**ABOUT THIS EXERCISE:**
Among the entries below, take the line with "Carlos I Brandy" and the line with "Men's Sleeveless Leather Biker Jacket", and output them and every line between them exactly, with nothing else.

--- DATASET RECORDS Enclosed Below ---

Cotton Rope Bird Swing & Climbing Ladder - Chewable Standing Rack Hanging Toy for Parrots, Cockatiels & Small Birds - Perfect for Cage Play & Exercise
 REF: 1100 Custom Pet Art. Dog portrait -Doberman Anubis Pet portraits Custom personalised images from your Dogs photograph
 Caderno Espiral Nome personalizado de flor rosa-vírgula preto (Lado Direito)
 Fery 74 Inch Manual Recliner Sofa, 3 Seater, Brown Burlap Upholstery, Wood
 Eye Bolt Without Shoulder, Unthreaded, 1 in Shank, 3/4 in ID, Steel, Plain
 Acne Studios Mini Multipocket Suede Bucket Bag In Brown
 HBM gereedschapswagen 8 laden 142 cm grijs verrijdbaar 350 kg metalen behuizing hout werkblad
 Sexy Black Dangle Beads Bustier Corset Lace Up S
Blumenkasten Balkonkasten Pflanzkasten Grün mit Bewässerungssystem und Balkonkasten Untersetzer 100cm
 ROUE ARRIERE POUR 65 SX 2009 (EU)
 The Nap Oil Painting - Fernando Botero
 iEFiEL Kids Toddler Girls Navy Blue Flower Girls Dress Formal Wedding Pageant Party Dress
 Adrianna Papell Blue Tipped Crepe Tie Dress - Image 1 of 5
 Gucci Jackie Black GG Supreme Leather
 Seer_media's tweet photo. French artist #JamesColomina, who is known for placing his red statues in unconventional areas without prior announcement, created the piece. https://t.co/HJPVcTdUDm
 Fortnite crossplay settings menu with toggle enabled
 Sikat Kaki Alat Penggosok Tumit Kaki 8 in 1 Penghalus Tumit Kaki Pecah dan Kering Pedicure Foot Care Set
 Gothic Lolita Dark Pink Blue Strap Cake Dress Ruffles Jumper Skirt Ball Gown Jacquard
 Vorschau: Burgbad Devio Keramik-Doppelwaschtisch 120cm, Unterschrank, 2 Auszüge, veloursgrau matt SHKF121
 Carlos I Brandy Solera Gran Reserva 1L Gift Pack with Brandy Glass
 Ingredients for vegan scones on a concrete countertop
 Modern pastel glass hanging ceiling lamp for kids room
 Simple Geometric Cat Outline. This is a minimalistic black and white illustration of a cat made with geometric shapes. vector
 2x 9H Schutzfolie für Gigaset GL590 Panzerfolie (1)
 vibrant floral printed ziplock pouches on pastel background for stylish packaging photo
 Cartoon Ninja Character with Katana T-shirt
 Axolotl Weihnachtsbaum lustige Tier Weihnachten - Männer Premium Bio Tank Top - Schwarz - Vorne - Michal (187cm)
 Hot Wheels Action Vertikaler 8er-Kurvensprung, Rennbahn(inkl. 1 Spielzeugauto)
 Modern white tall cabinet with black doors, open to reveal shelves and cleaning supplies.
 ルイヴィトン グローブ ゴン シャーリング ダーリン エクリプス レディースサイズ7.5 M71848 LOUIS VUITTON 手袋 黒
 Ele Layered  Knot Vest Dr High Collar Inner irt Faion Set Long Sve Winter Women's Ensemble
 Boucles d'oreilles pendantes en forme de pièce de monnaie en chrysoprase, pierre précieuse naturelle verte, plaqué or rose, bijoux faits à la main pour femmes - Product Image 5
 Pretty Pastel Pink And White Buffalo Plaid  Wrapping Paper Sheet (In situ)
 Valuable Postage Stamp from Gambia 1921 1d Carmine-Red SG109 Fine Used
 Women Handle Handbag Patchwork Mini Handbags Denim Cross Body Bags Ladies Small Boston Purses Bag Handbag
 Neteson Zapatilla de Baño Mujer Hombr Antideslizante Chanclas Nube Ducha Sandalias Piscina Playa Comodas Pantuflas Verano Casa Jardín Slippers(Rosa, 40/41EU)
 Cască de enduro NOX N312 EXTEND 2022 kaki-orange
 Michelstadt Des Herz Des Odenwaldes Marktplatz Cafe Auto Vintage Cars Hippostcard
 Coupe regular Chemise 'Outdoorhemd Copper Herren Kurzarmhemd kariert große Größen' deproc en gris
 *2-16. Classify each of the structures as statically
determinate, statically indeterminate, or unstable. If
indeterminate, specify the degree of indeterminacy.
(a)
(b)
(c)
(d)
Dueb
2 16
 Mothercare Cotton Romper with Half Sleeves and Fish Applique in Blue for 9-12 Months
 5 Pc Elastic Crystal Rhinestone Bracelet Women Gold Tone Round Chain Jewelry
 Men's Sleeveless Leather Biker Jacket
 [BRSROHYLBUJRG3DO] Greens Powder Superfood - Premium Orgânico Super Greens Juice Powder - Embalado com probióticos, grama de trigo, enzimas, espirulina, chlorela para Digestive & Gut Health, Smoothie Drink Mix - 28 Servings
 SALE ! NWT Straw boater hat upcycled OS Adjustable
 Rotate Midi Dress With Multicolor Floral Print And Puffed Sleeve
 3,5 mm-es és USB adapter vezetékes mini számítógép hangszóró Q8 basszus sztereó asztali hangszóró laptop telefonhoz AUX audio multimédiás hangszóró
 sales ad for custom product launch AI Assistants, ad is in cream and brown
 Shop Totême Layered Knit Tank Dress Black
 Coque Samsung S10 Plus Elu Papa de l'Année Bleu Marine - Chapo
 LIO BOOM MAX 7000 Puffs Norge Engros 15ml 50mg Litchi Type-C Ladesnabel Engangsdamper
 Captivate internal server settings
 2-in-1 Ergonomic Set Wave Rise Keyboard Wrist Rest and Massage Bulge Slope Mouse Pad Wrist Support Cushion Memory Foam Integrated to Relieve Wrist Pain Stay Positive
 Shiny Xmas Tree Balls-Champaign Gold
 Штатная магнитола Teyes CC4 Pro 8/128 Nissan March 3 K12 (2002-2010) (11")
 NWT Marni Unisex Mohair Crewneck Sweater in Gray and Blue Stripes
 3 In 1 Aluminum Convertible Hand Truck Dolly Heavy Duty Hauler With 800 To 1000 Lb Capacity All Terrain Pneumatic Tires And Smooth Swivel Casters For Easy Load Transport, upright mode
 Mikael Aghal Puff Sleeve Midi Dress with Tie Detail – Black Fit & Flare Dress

--- End of Enclosed DATASET RECORDS ---

**SOLUTION:**
 Carlos I Brandy Solera Gran Reserva 1L Gift Pack with Brandy Glass
 Ingredients for vegan scones on a concrete countertop
 Modern pastel glass hanging ceiling lamp for kids room
 Simple Geometric Cat Outline. This is a minimalistic black and white illustration of a cat made with geometric shapes. vector
 2x 9H Schutzfolie für Gigaset GL590 Panzerfolie (1)
 vibrant floral printed ziplock pouches on pastel background for stylish packaging photo
 Cartoon Ninja Character with Katana T-shirt
 Axolotl Weihnachtsbaum lustige Tier Weihnachten - Männer Premium Bio Tank Top - Schwarz - Vorne - Michal (187cm)
 Hot Wheels Action Vertikaler 8er-Kurvensprung, Rennbahn(inkl. 1 Spielzeugauto)
 Modern white tall cabinet with black doors, open to reveal shelves and cleaning supplies.
 ルイヴィトン グローブ ゴン シャーリング ダーリン エクリプス レディースサイズ7.5 M71848 LOUIS VUITTON 手袋 黒
 Ele Layered  Knot Vest Dr High Collar Inner irt Faion Set Long Sve Winter Women's Ensemble
 Boucles d'oreilles pendantes en forme de pièce de monnaie en chrysoprase, pierre précieuse naturelle verte, plaqué or rose, bijoux faits à la main pour femmes - Product Image 5
 Pretty Pastel Pink And White Buffalo Plaid  Wrapping Paper Sheet (In situ)
 Valuable Postage Stamp from Gambia 1921 1d Carmine-Red SG109 Fine Used
 Women Handle Handbag Patchwork Mini Handbags Denim Cross Body Bags Ladies Small Boston Purses Bag Handbag
 Neteson Zapatilla de Baño Mujer Hombr Antideslizante Chanclas Nube Ducha Sandalias Piscina Playa Comodas Pantuflas Verano Casa Jardín Slippers(Rosa, 40/41EU)
 Cască de enduro NOX N312 EXTEND 2022 kaki-orange
 Michelstadt Des Herz Des Odenwaldes Marktplatz Cafe Auto Vintage Cars Hippostcard
 Coupe regular Chemise 'Outdoorhemd Copper Herren Kurzarmhemd kariert große Größen' deproc en gris
 *2-16. Classify each of the structures as statically
determinate, statically indeterminate, or unstable. If
indeterminate, specify the degree of indeterminacy.
(a)
(b)
(c)
(d)
Dueb
2 16
 Mothercare Cotton Romper with Half Sleeves and Fish Applique in Blue for 9-12 Months
 5 Pc Elastic Crystal Rhinestone Bracelet Women Gold Tone Round Chain Jewelry
 Men's Sleeveless Leather Biker Jacket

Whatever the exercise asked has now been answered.